Today, the work depends on the design and creative skills of the knowledge workers that perform it. In this post, we explore the different ways in which Agile methods foster individual creativity and allow for something far less commonly acknowledged: group creativity. We discuss four attenuators and five amplifiers of group creative activity.
Sutherland, 2007 , p12
"[Scrum's] focus on building communities of stakeholders, encouraging a better life for developers, and delivering extreme business value to customers can release creativity and team spirit in practitioners and make the world a better place to live and work."
Individual and Group Creativity
Common definitions of creativity involve generating new ideas from a mixture of existing ones and some magic which can take many forms including inspiration, insight, serendipity or genius to name a few.

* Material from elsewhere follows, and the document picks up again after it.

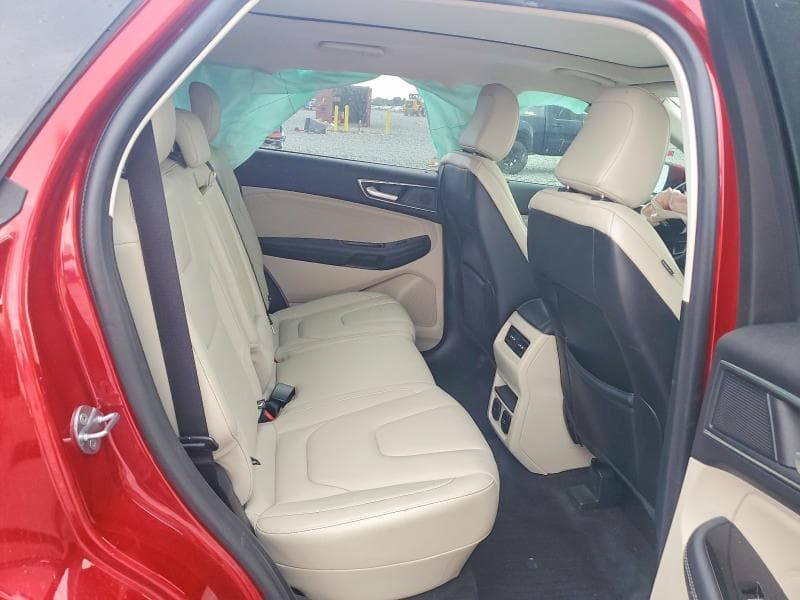 2020 FORD EDGE TITANIUM 10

The Group Coherence Cooperative Inquiry (GCCI), Joanna's doctoral research group, identified Relationship between Individual and Shared Creativity as one of five key ingredients of Group Coherence . They defined creativity as "the ability to accept change and remain in constant relationship with it, to respond inventively to situations beyond former concepts to result in new ways of being." (GCCI, 2007, p142.)
The GCCI agreed that group creativity involves the same process as individual creativity. In groups, the resources of each participant are potentially available. This relies on individuals offering their own creativity to the group.
"In coherent groups the interplay between individual creativity and group creativity allows the group to create together, using each member's creativity within the context of the entire group's goals." (GCCI, 2007 p144.)
Organizational Attenuators of Creativity
We would like to draw attention to four specific influences that block both group and individual creativity:
1. Specialization "blinders".
"Creativity [is] the process of having original ideas that have value, [and] more often than not comes about through the interaction of different disciplinary ways of seeing things."
In contrast, our formal training and education emphasize individual achievement and rewards. We learn to specialize in few or perhaps just one discipline, excluding anything that we perceive as "not our path." Specialization "blinders" can limit creative input by individuals and constrain the universe of problems they can perceive.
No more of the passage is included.